I can't speak much for the informative content of the book, since I have a various probability book that I like better. However, for my class, homework is assigned from the end of the section exercises, and while everything ELSE in this global edition of this textbook seems to be the same, some of the end of section exercises are different. Not by much... for example, section 1.3 # 4... The normal edition has you picking two cards and the global edition has you picking three... The first two cards you choose are the same, but that doesn't really matter, because I can tell you that graders don't care if you give them correct answers to the wrong questions.If you will be assigned issues from this book as homework, save yourself the cash and hassle and obtain the normal hardcover book.Textbook companies disgust me. Yes, I'm talking about you, Pearson.

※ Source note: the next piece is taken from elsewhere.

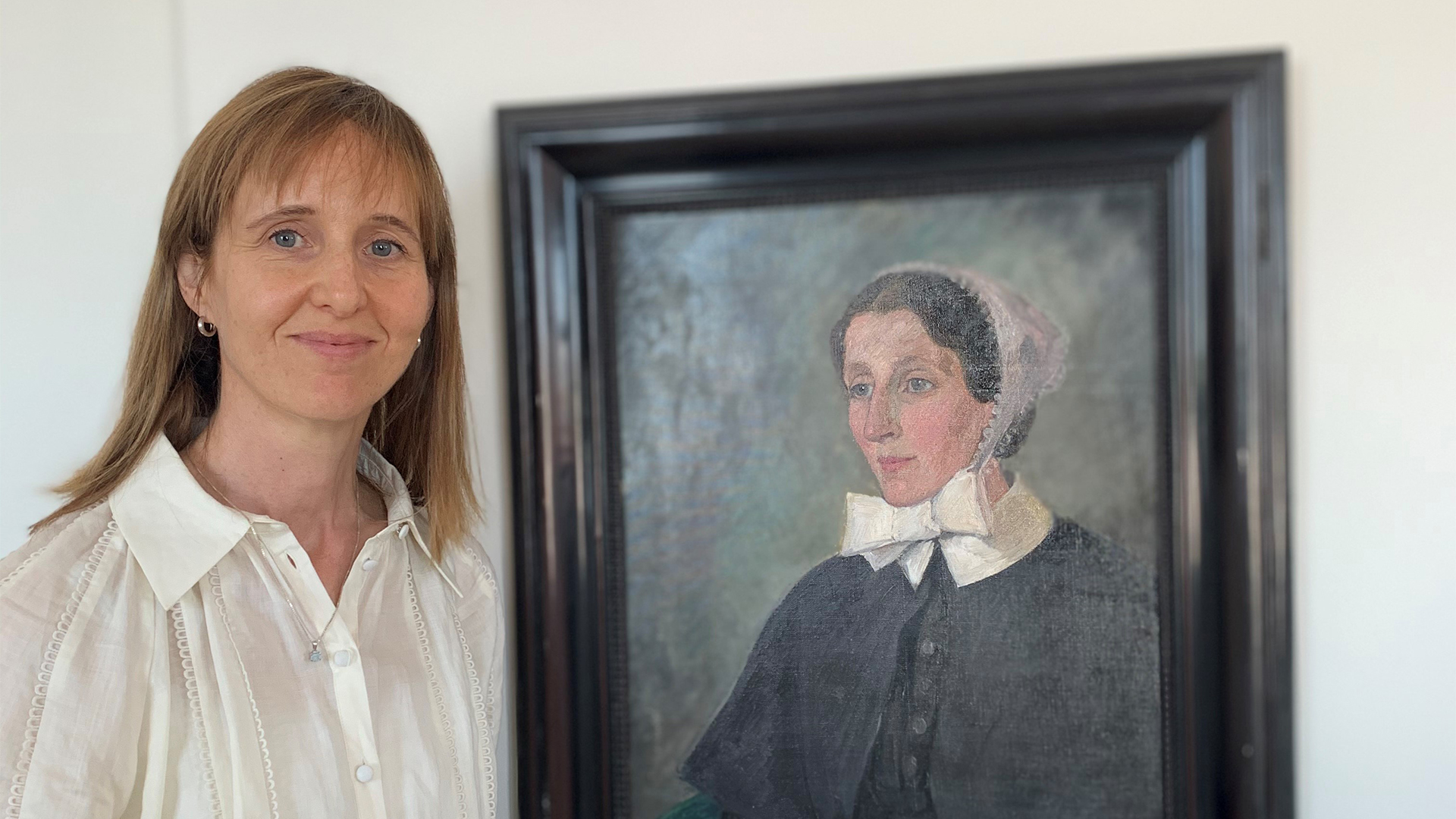 Porträttbild Amelie Edlund konstcurator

This text, while nearly identical in instruction to "Probability and Statistical Inference, Ninth Edition" has slightly various problems. If you are looking for a textbook to follow along with course content, I'd recommend it, but if you're needing to turn in homework from the book, unfortunately, this is not a amazing solution.

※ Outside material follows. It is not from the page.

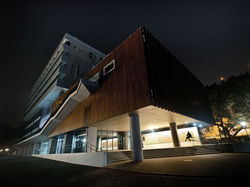 Zhong Yuan University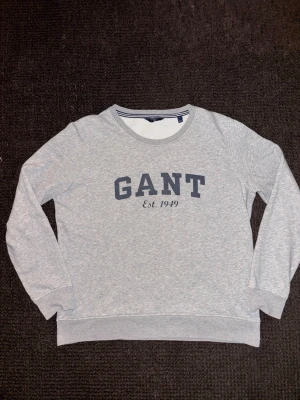 GANT sweatshirt stl 165 - Fin sweatshirt från GANT i tonårsstorlek 165/84. Bra skick från hem utan rök eller djur.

This book is fantastic! It is the fourth edition of the famous textbook on biopharmaceutics. The authors have maintained the perfect standards of previous editions, by clearly explaining the concepts while keeping mathematical derivations to a minimum. The "practical focus" sections present the app of pharmacokinetics in a clinical setting. A fresh chapter on targeted delivery and newer biotech is very timely and relevant. Overall, this is an perfect book on biopharmaceutics and pharmacokinetics. It is recommended not only for the newcomer, but serves as a valuable reference in any library.